Your task: Can the data below be set down again exactly, line for line?

Task input:
********

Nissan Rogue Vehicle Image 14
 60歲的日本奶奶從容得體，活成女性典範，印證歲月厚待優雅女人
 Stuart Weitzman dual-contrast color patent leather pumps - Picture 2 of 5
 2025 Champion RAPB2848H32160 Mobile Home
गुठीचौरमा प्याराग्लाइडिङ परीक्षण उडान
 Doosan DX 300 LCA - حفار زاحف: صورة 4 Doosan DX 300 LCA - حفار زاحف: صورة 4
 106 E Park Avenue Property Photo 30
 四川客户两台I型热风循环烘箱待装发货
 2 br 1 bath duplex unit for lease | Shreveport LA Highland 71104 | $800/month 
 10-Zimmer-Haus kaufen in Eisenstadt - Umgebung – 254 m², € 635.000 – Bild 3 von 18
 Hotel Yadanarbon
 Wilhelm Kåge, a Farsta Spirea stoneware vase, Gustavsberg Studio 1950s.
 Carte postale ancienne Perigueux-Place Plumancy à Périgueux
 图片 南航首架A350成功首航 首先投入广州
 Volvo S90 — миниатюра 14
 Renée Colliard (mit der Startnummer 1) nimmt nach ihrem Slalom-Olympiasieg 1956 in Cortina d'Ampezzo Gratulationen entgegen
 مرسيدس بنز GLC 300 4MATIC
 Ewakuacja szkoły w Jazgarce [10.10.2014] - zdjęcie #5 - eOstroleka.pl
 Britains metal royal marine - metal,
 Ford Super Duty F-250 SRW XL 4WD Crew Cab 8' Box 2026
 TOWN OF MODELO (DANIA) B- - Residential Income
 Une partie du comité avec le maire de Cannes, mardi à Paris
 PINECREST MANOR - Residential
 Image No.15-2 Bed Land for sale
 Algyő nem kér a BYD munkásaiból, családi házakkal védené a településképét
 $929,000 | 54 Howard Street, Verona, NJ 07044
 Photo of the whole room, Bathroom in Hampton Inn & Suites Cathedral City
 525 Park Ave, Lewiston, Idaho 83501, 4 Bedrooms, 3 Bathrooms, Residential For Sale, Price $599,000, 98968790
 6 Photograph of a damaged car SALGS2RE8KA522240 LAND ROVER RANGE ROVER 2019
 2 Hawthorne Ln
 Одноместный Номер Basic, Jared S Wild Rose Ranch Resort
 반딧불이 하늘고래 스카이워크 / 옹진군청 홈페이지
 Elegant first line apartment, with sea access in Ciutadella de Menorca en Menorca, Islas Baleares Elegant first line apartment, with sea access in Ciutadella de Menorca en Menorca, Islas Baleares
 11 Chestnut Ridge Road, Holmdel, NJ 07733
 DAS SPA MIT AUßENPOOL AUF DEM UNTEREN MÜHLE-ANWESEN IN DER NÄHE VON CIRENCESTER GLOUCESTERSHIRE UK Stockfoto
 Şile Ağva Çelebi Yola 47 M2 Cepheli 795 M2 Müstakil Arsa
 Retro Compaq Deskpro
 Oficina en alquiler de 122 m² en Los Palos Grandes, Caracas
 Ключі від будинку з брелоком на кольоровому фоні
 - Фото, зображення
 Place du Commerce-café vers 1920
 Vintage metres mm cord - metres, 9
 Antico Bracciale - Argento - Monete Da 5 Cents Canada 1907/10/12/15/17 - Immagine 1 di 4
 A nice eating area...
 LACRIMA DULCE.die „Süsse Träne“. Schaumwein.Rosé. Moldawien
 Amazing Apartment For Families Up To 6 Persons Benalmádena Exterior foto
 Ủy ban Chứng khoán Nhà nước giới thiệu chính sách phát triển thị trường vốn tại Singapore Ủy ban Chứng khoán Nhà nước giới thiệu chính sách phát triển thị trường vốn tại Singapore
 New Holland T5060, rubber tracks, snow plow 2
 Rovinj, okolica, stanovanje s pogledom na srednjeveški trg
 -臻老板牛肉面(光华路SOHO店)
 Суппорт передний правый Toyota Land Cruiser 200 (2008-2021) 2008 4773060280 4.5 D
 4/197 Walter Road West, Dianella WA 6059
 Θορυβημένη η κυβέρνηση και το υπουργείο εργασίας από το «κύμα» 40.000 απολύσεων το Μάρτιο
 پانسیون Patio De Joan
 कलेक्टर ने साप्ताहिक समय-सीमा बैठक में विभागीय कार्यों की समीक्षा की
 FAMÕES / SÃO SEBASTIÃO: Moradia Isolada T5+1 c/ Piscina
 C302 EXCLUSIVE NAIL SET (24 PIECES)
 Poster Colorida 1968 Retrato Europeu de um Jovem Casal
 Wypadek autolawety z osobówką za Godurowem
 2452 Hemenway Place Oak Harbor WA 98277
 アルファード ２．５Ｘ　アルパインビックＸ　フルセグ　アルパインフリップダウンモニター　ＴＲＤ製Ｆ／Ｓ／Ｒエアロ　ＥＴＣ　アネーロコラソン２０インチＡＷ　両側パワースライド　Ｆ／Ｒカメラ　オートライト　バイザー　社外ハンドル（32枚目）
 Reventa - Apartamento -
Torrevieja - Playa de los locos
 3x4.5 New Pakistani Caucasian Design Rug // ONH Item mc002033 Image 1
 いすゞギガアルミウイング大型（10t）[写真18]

********

Output of the task:
Nissan Rogue Vehicle Image 14
 60歲的日本奶奶從容得體，活成女性典範，印證歲月厚待優雅女人
 Stuart Weitzman dual-contrast color patent leather pumps - Picture 2 of 5
 2025 Champion RAPB2848H32160 Mobile Home
गुठीचौरमा प्याराग्लाइडिङ परीक्षण उडान
 Doosan DX 300 LCA - حفار زاحف: صورة 4 Doosan DX 300 LCA - حفار زاحف: صورة 4
 106 E Park Avenue Property Photo 30
 四川客户两台I型热风循环烘箱待装发货
 2 br 1 bath duplex unit for lease | Shreveport LA Highland 71104 | $800/month 
 10-Zimmer-Haus kaufen in Eisenstadt - Umgebung – 254 m², € 635.000 – Bild 3 von 18
 Hotel Yadanarbon
 Wilhelm Kåge, a Farsta Spirea stoneware vase, Gustavsberg Studio 1950s.
 Carte postale ancienne Perigueux-Place Plumancy à Périgueux
 图片 南航首架A350成功首航 首先投入广州
 Volvo S90 — миниатюра 14
 Renée Colliard (mit der Startnummer 1) nimmt nach ihrem Slalom-Olympiasieg 1956 in Cortina d'Ampezzo Gratulationen entgegen
 مرسيدس بنز GLC 300 4MATIC
 Ewakuacja szkoły w Jazgarce [10.10.2014] - zdjęcie #5 - eOstroleka.pl
 Britains metal royal marine - metal,
 Ford Super Duty F-250 SRW XL 4WD Crew Cab 8' Box 2026
 TOWN OF MODELO (DANIA) B- - Residential Income
 Une partie du comité avec le maire de Cannes, mardi à Paris
 PINECREST MANOR - Residential
 Image No.15-2 Bed Land for sale
 Algyő nem kér a BYD munkásaiból, családi házakkal védené a településképét
 $929,000 | 54 Howard Street, Verona, NJ 07044
 Photo of the whole room, Bathroom in Hampton Inn & Suites Cathedral City
 525 Park Ave, Lewiston, Idaho 83501, 4 Bedrooms, 3 Bathrooms, Residential For Sale, Price $599,000, 98968790
 6 Photograph of a damaged car SALGS2RE8KA522240 LAND ROVER RANGE ROVER 2019
 2 Hawthorne Ln
 Одноместный Номер Basic, Jared S Wild Rose Ranch Resort
 반딧불이 하늘고래 스카이워크 / 옹진군청 홈페이지
 Elegant first line apartment, with sea access in Ciutadella de Menorca en Menorca, Islas Baleares Elegant first line apartment, with sea access in Ciutadella de Menorca en Menorca, Islas Baleares
 11 Chestnut Ridge Road, Holmdel, NJ 07733
 DAS SPA MIT AUßENPOOL AUF DEM UNTEREN MÜHLE-ANWESEN IN DER NÄHE VON CIRENCESTER GLOUCESTERSHIRE UK Stockfoto
 Şile Ağva Çelebi Yola 47 M2 Cepheli 795 M2 Müstakil Arsa
 Retro Compaq Deskpro
 Oficina en alquiler de 122 m² en Los Palos Grandes, Caracas
 Ключі від будинку з брелоком на кольоровому фоні
 - Фото, зображення
 Place du Commerce-café vers 1920
 Vintage metres mm cord - metres, 9
 Antico Bracciale - Argento - Monete Da 5 Cents Canada 1907/10/12/15/17 - Immagine 1 di 4
 A nice eating area...
 LACRIMA DULCE.die „Süsse Träne“. Schaumwein.Rosé. Moldawien
 Amazing Apartment For Families Up To 6 Persons Benalmádena Exterior foto
 Ủy ban Chứng khoán Nhà nước giới thiệu chính sách phát triển thị trường vốn tại Singapore Ủy ban Chứng khoán Nhà nước giới thiệu chính sách phát triển thị trường vốn tại Singapore
 New Holland T5060, rubber tracks, snow plow 2
 Rovinj, okolica, stanovanje s pogledom na srednjeveški trg
 -臻老板牛肉面(光华路SOHO店)
 Суппорт передний правый Toyota Land Cruiser 200 (2008-2021) 2008 4773060280 4.5 D
 4/197 Walter Road West, Dianella WA 6059
 Θορυβημένη η κυβέρνηση και το υπουργείο εργασίας από το «κύμα» 40.000 απολύσεων το Μάρτιο
 پانسیون Patio De Joan
 कलेक्टर ने साप्ताहिक समय-सीमा बैठक में विभागीय कार्यों की समीक्षा की
 FAMÕES / SÃO SEBASTIÃO: Moradia Isolada T5+1 c/ Piscina
 C302 EXCLUSIVE NAIL SET (24 PIECES)
 Poster Colorida 1968 Retrato Europeu de um Jovem Casal
 Wypadek autolawety z osobówką za Godurowem
 2452 Hemenway Place Oak Harbor WA 98277
 アルファード ２．５Ｘ　アルパインビックＸ　フルセグ　アルパインフリップダウンモニター　ＴＲＤ製Ｆ／Ｓ／Ｒエアロ　ＥＴＣ　アネーロコラソン２０インチＡＷ　両側パワースライド　Ｆ／Ｒカメラ　オートライト　バイザー　社外ハンドル（32枚目）
 Reventa - Apartamento -
Torrevieja - Playa de los locos
 3x4.5 New Pakistani Caucasian Design Rug // ONH Item mc002033 Image 1
 いすゞギガアルミウイング大型（10t）[写真18]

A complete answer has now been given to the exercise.